Outro ponto que se revela contraditório para a universidade é o fato do corregedor ser escolhido por um GT composto por poucas pessoas, mas, uma vez no cargo, ele se investe de poder suficiente para forçar o afastamento de um reitor democraticamente eleito num processo em que participa toda a comunidade universitária. Como podemos aceitar que um corregedor concentre tantos poderes e os exerça de modo a poder afastar um reitor sem nem mesmo precisar da anuência de um órgão colegiado como o CUn ? Devemos ter em mente aqui uma diferença entre “suspeição” e “provas concretas”. Tivesse o corregedor apresentado ao CUn meras suspeições, e havendo um mecanismo que facultasse ao CUn o afastamento do reitor em face de meras suspeições, teria sido o reitor afastado? Não sabemos, mas no momento em que o corregedor apresenta suas suspeições ao MPF e PF nós transferimos a esses órgãos a decisão de afastar o reitor. Isso é humilhante, pois estes mesmos procuradores, juízes e policiais federais que formaram seu juízo determinando a prisão e afastamento do reitor nada seriam se não tivessem em algum momento passado por alguma instituição que os formou e, agora, vemos a cilada que armamos para nós mesmos ao criar a corregedoria, pois fica claro que a suspeição de um simples corregedor é capaz de forçar a universidade a renunciar ao seu próprio julgamento, tornando-a subserviente ao que é posto por procuradores e juízes de fora da universidade ao lidar com evidências que parecem demasiadamente tênues.
Mas, afinal, quais foram as evidências concretas dadas pelo corregedor Rodolfo Hickel do Prado para afastar o reitor? Da exposição indevida [1] que o corregedor faz na mídia, o que vemos são ilações como a que ele mesmo sugere num trecho de uma entrevista dada ao jornal do NSC [2] ao falar sobre supostas ameaças que estaria recebendo
“As ameaças, no que diz respeito à corregedoria, elas se iniciaram logo após a posse do reitor. Alguns assessores talvez levassem a ele que … olha a corregedoria está investigando um ato que possa chegar a A ou B que tivesse algum relacionamento com o reitor, ou então se procurava tentar parar o trabalho ou … as pessoas não colaborarem com as intervenções que a corregedoria tinha por necessidade buscar subsídios para trabalhar.”
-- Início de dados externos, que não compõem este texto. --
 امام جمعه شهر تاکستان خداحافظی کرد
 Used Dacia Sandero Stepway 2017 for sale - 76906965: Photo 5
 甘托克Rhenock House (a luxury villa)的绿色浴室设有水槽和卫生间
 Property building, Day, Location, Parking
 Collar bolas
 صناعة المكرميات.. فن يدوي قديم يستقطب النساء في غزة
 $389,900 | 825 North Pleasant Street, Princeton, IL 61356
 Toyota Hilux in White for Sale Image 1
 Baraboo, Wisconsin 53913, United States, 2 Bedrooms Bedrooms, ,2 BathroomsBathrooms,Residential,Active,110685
Como assim sr. corregedor Rodolfo? Se não tens como provar o que afirma, e isso fica claro pelo uso dos termos “talvez” , “tivesse”, “procurava tentar”, não deverias ir a público falar do caso, contrariando aquilo que a universidade espera do exercício da sua função que é a “responsabilidade no trato de todo e qualquer material correcional”.
A função da corregedoria também se mostra dispensável, pois, na sua essência, é um órgão que parece competir com o gabinete do reitor no aspecto correcional. Ora, alguém poderia alegar que a corregedoria se faz necessária para investigar a própria administração central face a denúncias, contudo, nada impediria que aquele que fez a denúncia original sobre desvio de verbas do EAD fosse diretamente a PF apresentar as evidências que alegava ter contra o reitor. Fica claro então que não precisamos da figura de um corregedor para fazer essa intermediação.
Quanto ao atual corregedor, seria muito proveitoso se ele se apresentasse em público refutando as objeções que tem sido postas à sua atuação frente a universidade [3]. Sua renúncia faria um grande bem a instituição além de preservar sua própria imagem diante do que parece ser o início de um processo irreversível que poderá levar ao seu afastamento.
Marcelo Carvalho
Professor do Departamento de Matemática
Notas
[1] A exposição na mídia que o corregedor faz de casos correcionais se mostra indevida por contrariar um dos critérios de admissibilidade ao cargo de corregedor, a saber, que o corregedor deve “possuir grande responsabilidade no trato de todo e qualquer material de cunho correcional”. Ora, ao dar publicidade a investigações em curso, o corregedor deixa de observar este critério e, por esta razão, deveria ser afastado da sua função.
PS: Curiosamente, a matéria referida em [3] além de mencionar fatos relacionados a atuação do corregedor na UFSC, também lista fatos passados sobre o corregedor que, confirmada a veracidade, entraria em choque com os critérios de seleção estabelecidos pelo GT que selecionou o corregedor.